Waiting for pics Shelley and how about you Joseph a pic of this dragon eye?
Laurence


----------



## budahrox (Apr 21, 2010)

In case no one has mentioned it yet,
Dying to see some pics 
Cheers!!!


----------



## April (Apr 21, 2010)

im gonna go see those dragon eyes..pics are great..but bear in mind their colours will be alot better in a few days..they just traveled. 
think shelleys stilll at work..she had to take time off this morning to collect them..so..im sure they kept her for a detention. lol.


----------



## Chappy (Apr 21, 2010)

Since everyone asked sooooo nicely , here are shots of 3 of the newbies before they were shipped. They are still a little groggy and I'll probably keep the lights off for a couple of days, so hope these do until I can get my own posted.


----------



## clintgv (May 6, 2010)

They are beautiful. Can't wait to see more pictures when there more settled in


----------



## kevin22 (May 12, 2010)

top quality fish. the Soloman is huge.
where you got them from?


----------



## 2wheelsx2 (Apr 21, 2010)

Beeeeeoooootiful fish Shelley. Good score!


----------



## athena (Apr 22, 2010)

soooooooo gorgeous! *drool and drools somemore!*

congrats on getting them!


----------



## April (Apr 21, 2010)

she got them from the master himself. 
the first guy who was accredited for breeding heckel to heckel and been breeding wilds etc since the early 80s. 
soon after about october i will be distributing his F1 wilds . some from those strains of wilds. and others. he is recreating the red turks..and wattley turks from scratch as alot of the red turks with straight lines and brilliants today are from alot of mixing and not consistant anymore. so back to basics. 
he doesnt sell wilds..it was an agreement..one time deal .


----------



## 24/7 (Apr 21, 2010)

Very Nice

Looking forward to seeing them in person


----------



## luckyfind (Apr 21, 2010)

Shelley you definately got the catch of the year.Just love those Solomans.
Laurence


----------



## April (Apr 21, 2010)

i want those fish..they were in my boxes...i love the spotty one..love her face. im sure shes a her. very sweet look to her. excellent shape . love all of them.


----------



## Chappy (Apr 21, 2010)

Yeah, they're alright I guess. Too bad about the chipped eyes, beaked noses, pinched foreheads and gigantic eyes  Drove home in RECORD time this afternoon - I couldn't wait to see them. I just about came home at lunchtime 

And PLEASE don't wish any more females on me.....I am SO done with females.....NO MORE. Only boys in my tanks  She's most certainly a he.

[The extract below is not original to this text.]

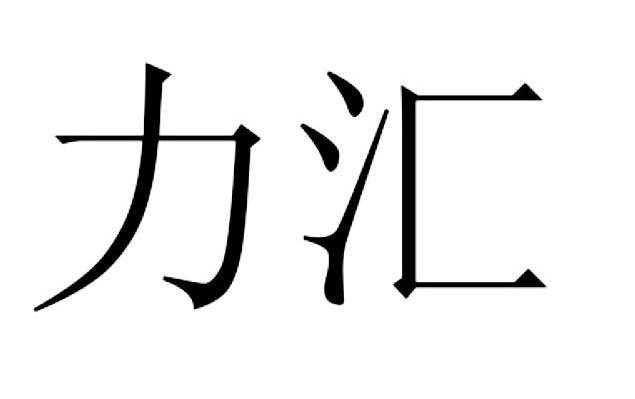 力汇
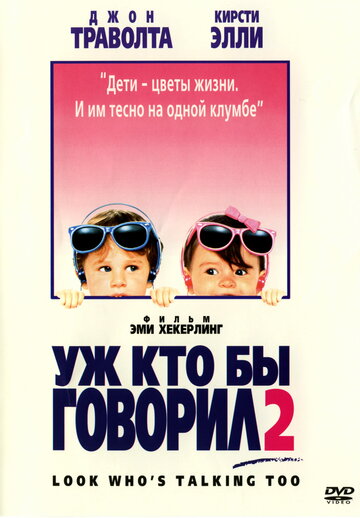 Уж кто бы говорил 2 (1990)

I'll probably see you tomorrow. Have to see this dead guy everyone talks about


----------



## April (Apr 21, 2010)

good come on down..we will have a party while april grooms dogs. .,i hope he comes..


----------



## josephl (Apr 21, 2010)

Very nice fish Shelley. 

Yes I'm late responding, I didn't realize that you had posted pics until Charles told me last night


----------



## Chappy (Apr 21, 2010)

April - Solomon #2 is most definitely a FEMALE - drats!!!! The green with the red spots (yup, that's a GREEN) hasn't decided which team it's on  You jinxed me, dang you!!!!! With everything else going on in my life right now, spawning Solomons......, yup, JUST WHAT I NEED


----------



## 2wheelsx2 (Apr 21, 2010)

Sounds like a problem everyone else would love to have.....hmmmm maybe some juvie Solomons in my cube in 6 months.


----------



## Chappy (Apr 21, 2010)

I'll put you at the front of the line, Gary


----------



## Chappy (Apr 21, 2010)

josephl said:


> Very nice fish Shelley.
> 
> Yes I'm late responding, I didn't realize that you had posted pics until Charles told me last night


If you remember, they were suppose to be going to you - that's the reason I bought the second one, but I don't know what ever happened with that plan. Oh well - I'm more than happy to keep them


----------



## April (Apr 21, 2010)

i knew she was a female.she had that sweet look to her. lol. .get her togeather with someone..and ill take the babies to raise. tell dale he sent the wrong fish..its breeding away..he couldve been using her..lol. wonder if she bred for him? most likely he figured she wasnt doing her part..so ditched her. lol.


----------



## josephl (Apr 21, 2010)

Embersmom said:


> If you remember, they were suppose to be going to you - that's the reason I bought the second one, but I don't know what ever happened with that plan. Oh well - I'm more than happy to keep them


I'm out of room is what happened, unless you want a 3 or 4 for one trade


----------



## JUICE (Jan 4, 2020)

why is shellys name listed as "Na " ?? what did u i miss ??


----------